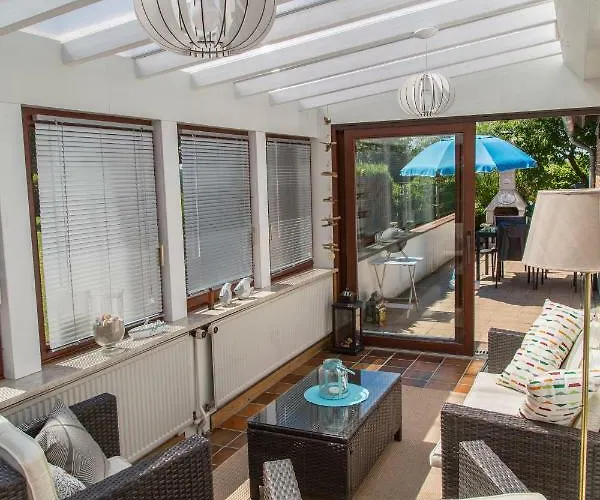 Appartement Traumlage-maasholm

• • •

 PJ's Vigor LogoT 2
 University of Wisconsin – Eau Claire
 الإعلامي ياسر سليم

• • •

▶ _What is being asked_
Within the listing above, give again exactly every line from the line with "University of Wisconsin – Eau Claire" through the line with "الإعلامي ياسر سليم", both included, and no other line.

▶ _Written reply_
 University of Wisconsin – Eau Claire
 الإعلامي ياسر سليم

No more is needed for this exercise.